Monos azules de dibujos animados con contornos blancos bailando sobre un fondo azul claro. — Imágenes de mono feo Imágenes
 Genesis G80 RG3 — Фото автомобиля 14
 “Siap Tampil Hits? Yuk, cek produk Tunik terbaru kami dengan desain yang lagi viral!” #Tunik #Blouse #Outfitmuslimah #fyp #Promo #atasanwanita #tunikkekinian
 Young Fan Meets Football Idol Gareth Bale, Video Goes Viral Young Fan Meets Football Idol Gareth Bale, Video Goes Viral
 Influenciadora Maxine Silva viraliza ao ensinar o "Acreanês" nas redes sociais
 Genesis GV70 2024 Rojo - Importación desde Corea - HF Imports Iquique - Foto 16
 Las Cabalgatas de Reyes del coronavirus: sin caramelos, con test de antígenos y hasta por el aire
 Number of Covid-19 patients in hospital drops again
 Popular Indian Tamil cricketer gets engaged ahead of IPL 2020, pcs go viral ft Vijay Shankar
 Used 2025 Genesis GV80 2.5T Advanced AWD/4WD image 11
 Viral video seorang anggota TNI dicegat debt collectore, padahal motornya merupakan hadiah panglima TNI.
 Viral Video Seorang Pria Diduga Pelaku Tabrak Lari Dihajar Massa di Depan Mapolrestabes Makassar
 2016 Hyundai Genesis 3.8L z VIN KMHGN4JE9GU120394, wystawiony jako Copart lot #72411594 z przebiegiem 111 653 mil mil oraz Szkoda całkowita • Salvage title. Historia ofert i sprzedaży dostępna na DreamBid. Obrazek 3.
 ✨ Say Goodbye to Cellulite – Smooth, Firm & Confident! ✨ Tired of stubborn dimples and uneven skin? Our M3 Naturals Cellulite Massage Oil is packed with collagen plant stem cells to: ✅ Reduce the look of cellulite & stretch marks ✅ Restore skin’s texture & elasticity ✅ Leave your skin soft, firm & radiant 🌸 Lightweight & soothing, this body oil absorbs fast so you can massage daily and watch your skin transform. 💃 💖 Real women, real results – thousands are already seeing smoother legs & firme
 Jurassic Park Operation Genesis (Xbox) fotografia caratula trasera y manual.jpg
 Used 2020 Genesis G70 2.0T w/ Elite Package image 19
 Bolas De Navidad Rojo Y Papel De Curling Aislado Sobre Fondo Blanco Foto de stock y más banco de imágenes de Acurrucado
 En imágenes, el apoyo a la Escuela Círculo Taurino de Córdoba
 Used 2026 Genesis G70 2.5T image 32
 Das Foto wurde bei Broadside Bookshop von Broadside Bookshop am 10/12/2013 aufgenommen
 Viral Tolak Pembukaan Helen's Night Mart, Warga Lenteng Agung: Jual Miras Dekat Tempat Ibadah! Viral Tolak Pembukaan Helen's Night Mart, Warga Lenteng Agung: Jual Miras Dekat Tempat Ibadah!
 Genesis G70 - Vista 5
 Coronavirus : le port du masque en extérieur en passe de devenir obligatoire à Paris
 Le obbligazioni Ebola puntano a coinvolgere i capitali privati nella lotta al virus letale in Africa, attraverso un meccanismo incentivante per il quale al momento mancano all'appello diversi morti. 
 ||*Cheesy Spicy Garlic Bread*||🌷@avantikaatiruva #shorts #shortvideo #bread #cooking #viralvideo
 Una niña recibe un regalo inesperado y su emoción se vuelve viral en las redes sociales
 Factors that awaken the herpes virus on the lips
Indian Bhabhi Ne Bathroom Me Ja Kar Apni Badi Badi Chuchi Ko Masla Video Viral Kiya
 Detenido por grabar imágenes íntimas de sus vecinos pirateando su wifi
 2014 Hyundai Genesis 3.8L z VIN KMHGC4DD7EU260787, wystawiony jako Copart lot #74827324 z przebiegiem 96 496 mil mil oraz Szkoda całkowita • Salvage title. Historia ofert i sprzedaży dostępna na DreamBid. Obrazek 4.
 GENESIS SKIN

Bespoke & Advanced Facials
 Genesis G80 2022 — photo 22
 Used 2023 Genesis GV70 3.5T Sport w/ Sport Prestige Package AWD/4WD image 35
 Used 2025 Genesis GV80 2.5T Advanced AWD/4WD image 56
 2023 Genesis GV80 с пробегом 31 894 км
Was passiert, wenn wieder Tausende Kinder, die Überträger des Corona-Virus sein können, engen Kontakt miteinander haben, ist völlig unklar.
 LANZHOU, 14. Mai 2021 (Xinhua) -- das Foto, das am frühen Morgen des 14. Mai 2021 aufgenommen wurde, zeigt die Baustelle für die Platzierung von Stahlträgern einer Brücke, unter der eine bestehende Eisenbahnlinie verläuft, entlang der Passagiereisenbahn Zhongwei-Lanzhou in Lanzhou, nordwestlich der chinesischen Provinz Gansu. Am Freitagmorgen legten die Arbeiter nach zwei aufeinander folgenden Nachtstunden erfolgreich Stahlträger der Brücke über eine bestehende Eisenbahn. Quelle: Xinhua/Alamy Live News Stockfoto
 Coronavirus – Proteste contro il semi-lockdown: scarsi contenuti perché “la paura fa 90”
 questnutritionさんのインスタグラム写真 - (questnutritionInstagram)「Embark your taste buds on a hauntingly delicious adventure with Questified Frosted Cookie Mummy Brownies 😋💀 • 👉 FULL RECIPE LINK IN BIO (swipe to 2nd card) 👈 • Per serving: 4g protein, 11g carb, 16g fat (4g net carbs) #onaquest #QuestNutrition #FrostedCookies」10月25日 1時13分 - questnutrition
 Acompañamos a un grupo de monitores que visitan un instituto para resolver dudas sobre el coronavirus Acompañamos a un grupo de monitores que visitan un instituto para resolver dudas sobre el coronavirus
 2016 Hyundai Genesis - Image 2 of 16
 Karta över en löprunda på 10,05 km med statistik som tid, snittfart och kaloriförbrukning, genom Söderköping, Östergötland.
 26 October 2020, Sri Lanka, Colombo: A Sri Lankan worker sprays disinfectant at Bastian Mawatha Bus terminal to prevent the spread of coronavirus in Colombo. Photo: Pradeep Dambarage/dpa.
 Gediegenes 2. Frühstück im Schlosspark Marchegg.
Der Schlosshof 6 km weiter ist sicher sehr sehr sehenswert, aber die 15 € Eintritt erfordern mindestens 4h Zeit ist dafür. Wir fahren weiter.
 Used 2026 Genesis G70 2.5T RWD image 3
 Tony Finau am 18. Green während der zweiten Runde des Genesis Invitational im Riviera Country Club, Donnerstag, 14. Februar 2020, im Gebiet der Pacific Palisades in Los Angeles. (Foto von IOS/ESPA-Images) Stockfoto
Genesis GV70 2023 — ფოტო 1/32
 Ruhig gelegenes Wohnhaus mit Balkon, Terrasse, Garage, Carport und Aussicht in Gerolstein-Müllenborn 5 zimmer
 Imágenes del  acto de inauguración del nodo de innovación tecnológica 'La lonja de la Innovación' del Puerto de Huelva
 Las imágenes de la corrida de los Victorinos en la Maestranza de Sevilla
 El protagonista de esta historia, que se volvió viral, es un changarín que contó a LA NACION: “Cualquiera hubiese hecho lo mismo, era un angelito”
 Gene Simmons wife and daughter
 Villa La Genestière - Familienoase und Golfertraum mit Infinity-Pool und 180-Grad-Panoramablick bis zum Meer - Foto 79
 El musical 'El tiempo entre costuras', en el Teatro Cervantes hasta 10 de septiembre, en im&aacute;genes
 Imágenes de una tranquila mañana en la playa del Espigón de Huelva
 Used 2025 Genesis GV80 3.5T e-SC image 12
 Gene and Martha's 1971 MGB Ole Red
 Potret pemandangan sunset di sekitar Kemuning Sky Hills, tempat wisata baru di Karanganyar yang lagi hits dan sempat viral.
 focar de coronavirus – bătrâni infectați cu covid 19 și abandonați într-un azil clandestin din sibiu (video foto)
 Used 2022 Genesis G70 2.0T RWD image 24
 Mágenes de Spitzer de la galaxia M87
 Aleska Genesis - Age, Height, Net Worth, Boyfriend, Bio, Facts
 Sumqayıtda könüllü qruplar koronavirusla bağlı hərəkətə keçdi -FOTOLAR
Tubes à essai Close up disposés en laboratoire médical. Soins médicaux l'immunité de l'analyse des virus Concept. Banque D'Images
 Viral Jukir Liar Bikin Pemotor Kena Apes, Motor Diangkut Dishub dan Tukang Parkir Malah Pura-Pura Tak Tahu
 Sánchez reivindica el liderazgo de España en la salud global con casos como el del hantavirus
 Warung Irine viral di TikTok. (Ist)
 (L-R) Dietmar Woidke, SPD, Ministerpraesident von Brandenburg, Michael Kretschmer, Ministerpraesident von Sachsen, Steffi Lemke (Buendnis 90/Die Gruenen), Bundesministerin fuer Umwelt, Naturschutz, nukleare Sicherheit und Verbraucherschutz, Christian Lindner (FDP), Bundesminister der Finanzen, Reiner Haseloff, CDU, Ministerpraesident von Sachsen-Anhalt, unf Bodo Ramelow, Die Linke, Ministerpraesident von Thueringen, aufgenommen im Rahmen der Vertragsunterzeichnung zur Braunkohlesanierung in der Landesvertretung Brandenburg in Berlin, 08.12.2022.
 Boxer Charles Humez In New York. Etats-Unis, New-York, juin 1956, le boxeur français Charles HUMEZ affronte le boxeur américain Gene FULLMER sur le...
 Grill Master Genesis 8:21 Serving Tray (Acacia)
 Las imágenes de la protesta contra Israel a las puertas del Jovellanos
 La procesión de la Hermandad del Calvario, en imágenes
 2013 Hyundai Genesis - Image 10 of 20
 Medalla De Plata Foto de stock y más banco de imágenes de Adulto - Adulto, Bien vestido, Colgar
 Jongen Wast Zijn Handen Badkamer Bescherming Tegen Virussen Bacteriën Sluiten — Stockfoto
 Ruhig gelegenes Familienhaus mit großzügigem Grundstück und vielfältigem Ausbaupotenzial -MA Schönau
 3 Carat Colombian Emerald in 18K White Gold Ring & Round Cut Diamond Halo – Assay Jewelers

Action item: Starting at the line above that holds "questnutritionさんのインスタグラム写真 - (questnutritionInstagram)「Embark" and ending at the line that holds "Gene and Martha's 1971 MGB Ole Red", transcribe each line exactly and include no other lines.

Exercise result:
 questnutritionさんのインスタグラム写真 - (questnutritionInstagram)「Embark your taste buds on a hauntingly delicious adventure with Questified Frosted Cookie Mummy Brownies 😋💀 • 👉 FULL RECIPE LINK IN BIO (swipe to 2nd card) 👈 • Per serving: 4g protein, 11g carb, 16g fat (4g net carbs) #onaquest #QuestNutrition #FrostedCookies」10月25日 1時13分 - questnutrition
 Acompañamos a un grupo de monitores que visitan un instituto para resolver dudas sobre el coronavirus Acompañamos a un grupo de monitores que visitan un instituto para resolver dudas sobre el coronavirus
 2016 Hyundai Genesis - Image 2 of 16
 Karta över en löprunda på 10,05 km med statistik som tid, snittfart och kaloriförbrukning, genom Söderköping, Östergötland.
 26 October 2020, Sri Lanka, Colombo: A Sri Lankan worker sprays disinfectant at Bastian Mawatha Bus terminal to prevent the spread of coronavirus in Colombo. Photo: Pradeep Dambarage/dpa.
 Gediegenes 2. Frühstück im Schlosspark Marchegg.
Der Schlosshof 6 km weiter ist sicher sehr sehr sehenswert, aber die 15 € Eintritt erfordern mindestens 4h Zeit ist dafür. Wir fahren weiter.
 Used 2026 Genesis G70 2.5T RWD image 3
 Tony Finau am 18. Green während der zweiten Runde des Genesis Invitational im Riviera Country Club, Donnerstag, 14. Februar 2020, im Gebiet der Pacific Palisades in Los Angeles. (Foto von IOS/ESPA-Images) Stockfoto
Genesis GV70 2023 — ფოტო 1/32
 Ruhig gelegenes Wohnhaus mit Balkon, Terrasse, Garage, Carport und Aussicht in Gerolstein-Müllenborn 5 zimmer
 Imágenes del  acto de inauguración del nodo de innovación tecnológica 'La lonja de la Innovación' del Puerto de Huelva
 Las imágenes de la corrida de los Victorinos en la Maestranza de Sevilla
 El protagonista de esta historia, que se volvió viral, es un changarín que contó a LA NACION: “Cualquiera hubiese hecho lo mismo, era un angelito”
 Gene Simmons wife and daughter
 Villa La Genestière - Familienoase und Golfertraum mit Infinity-Pool und 180-Grad-Panoramablick bis zum Meer - Foto 79
 El musical 'El tiempo entre costuras', en el Teatro Cervantes hasta 10 de septiembre, en im&aacute;genes
 Imágenes de una tranquila mañana en la playa del Espigón de Huelva
 Used 2025 Genesis GV80 3.5T e-SC image 12
 Gene and Martha's 1971 MGB Ole Red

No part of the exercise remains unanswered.